RECORDS SUPPLIED below:

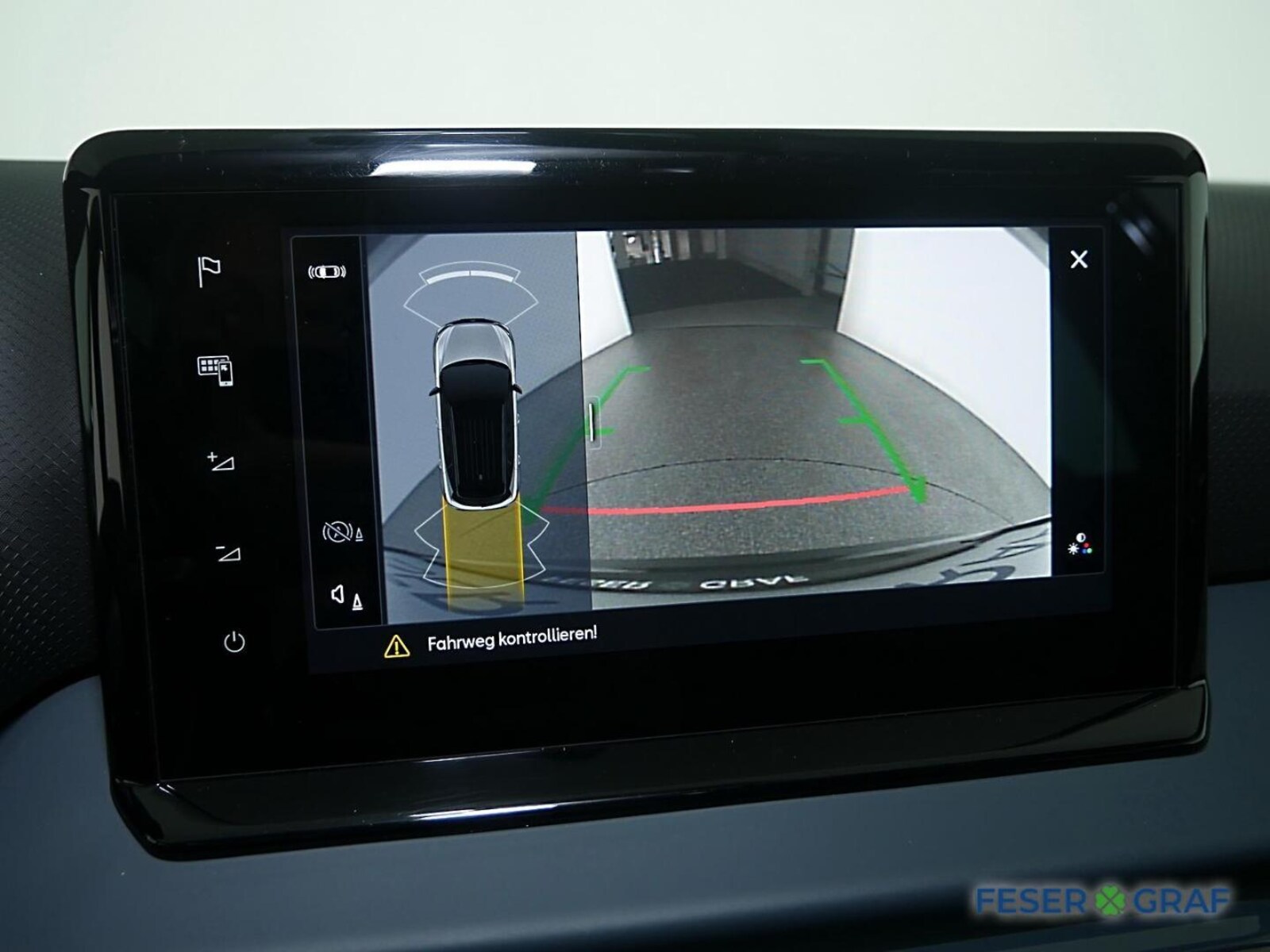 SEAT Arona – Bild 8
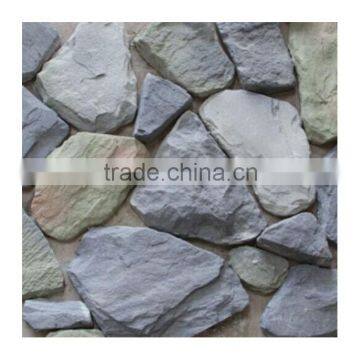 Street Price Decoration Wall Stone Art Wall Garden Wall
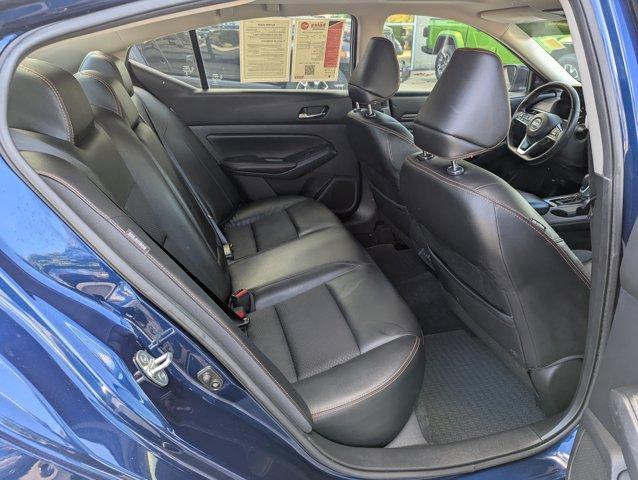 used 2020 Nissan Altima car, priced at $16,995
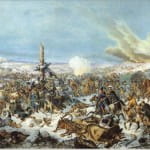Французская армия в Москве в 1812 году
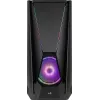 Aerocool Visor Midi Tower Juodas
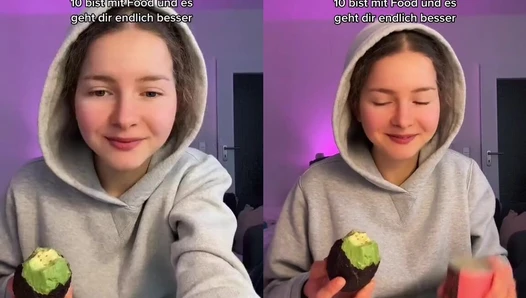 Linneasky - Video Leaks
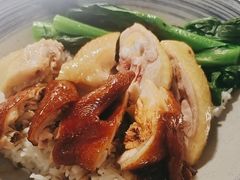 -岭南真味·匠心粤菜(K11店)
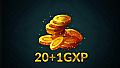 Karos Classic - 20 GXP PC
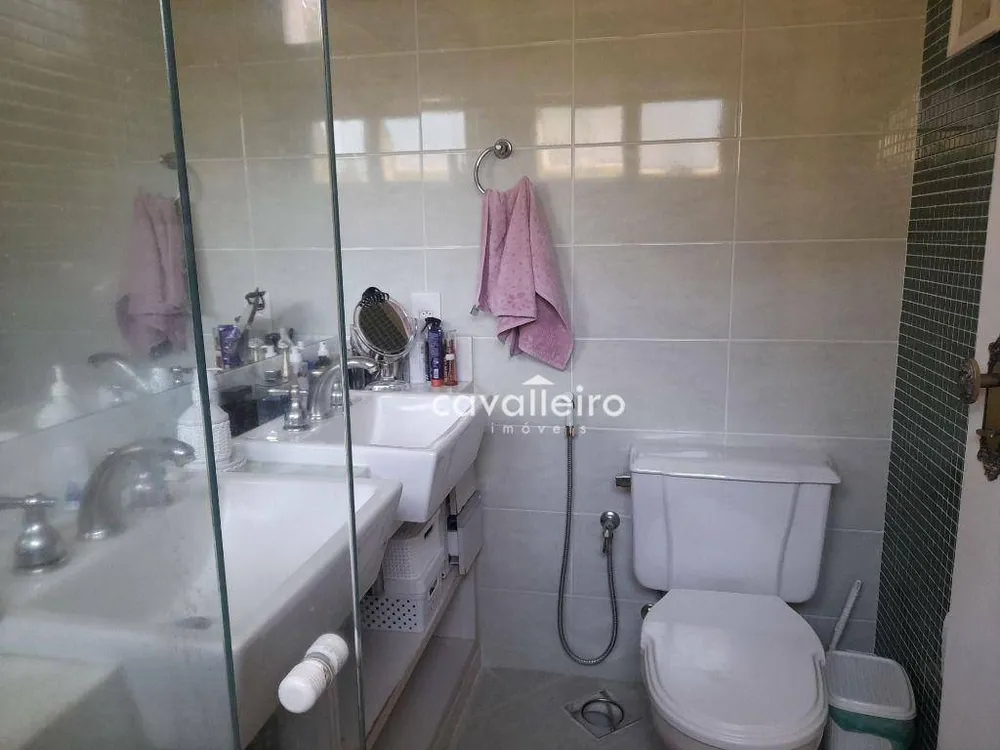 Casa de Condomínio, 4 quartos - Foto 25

End of RECORDS SUPPLIED.

WORK ORDER: Nothing but the lines from the one with "Французская армия в Москве в 1812 году" through the end of the entries above, both included, should be set down, exactly and without pictures.

WRITTEN ANSWER:
Французская армия в Москве в 1812 году
 Aerocool Visor Midi Tower Juodas
 Linneasky - Video Leaks
 -岭南真味·匠心粤菜(K11店)
 Karos Classic - 20 GXP PC
 Casa de Condomínio, 4 quartos - Foto 25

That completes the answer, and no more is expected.